Come ulteriore tratto distintivo, la giurisprudenza richiede ai fini della legittimità della revoca che sussista un interesse pubblico attuale alla rimozione degli effetti del provvedimento originario.

Nel caso dell’annullamento d’ufficio, l’amministratore è tenuto ad un più delicato bilanciamento degli interessi coinvolti, incluso quello all’eliminazione del vizio ed all’eventuale conservazione degli effetti prodotti, oppure alla modifica degli effetti del provvedimento stesso.

224

Questa distinzione vale ad inquadrare nell’una figura piuttosto che nell’altra le particolari ipotesi di invalidità sopravvenuta dell’atto amministrativo, a seguito di jus superveniens con cui il medesimo risulti confliggente.

Quest’opera di mediazione rispetto all’esigenza di non incidere su posizioni consolidate e definitive, non a caso, potrebbe sfociare nella decisione di conservare l’atto, ancorché illegittimo: in sostanza, la validità del ritiro dipende dal corretto perseguimento dell’interesse a cui risponde la causa del potere conferito, quindi la mera illegittimità o inopportunità del provvedimento di primo grado, per comune ammissione di dottrina e giurisprudenza, non bastano a giustificarne il ritiro, dovendo sussistere un distinto interesse alla eliminazione dei suoi effetti (225).

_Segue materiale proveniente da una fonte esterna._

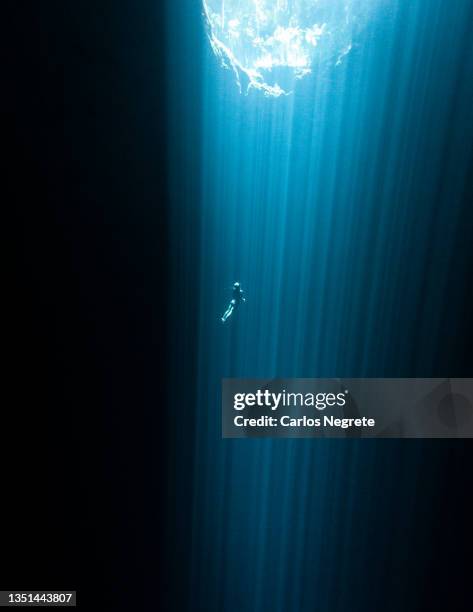 freediving in a special cenote - water glide stockfoto's en -beelden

Ne consegue la qualificazione dell’annullamento d’ufficio in termini di discrezionalità, che in questa sede rispecchia le sue più “classiche” definizioni, volte a dipingerla come ponderazione fra più interessi ed esigenze configgenti, onde giungere alla soluzione più opportuna e ragionevole per il caso concreto, anche nelle ipotesi in cui il riesame si attivi su istanza del privato (226). La connotazione pubblicistica del riesercizio del potere appare dunque indefettibile (227): non è del resto configurabile un interesse legittimo in capo al privato, se non in caso di attivazione spontanea da parte dell’amministrazione, così come non appare ipotizzabile un’ipotesi di silenzio – rifiuto nel caso d’inerzia verso l’istanza dell’interessato.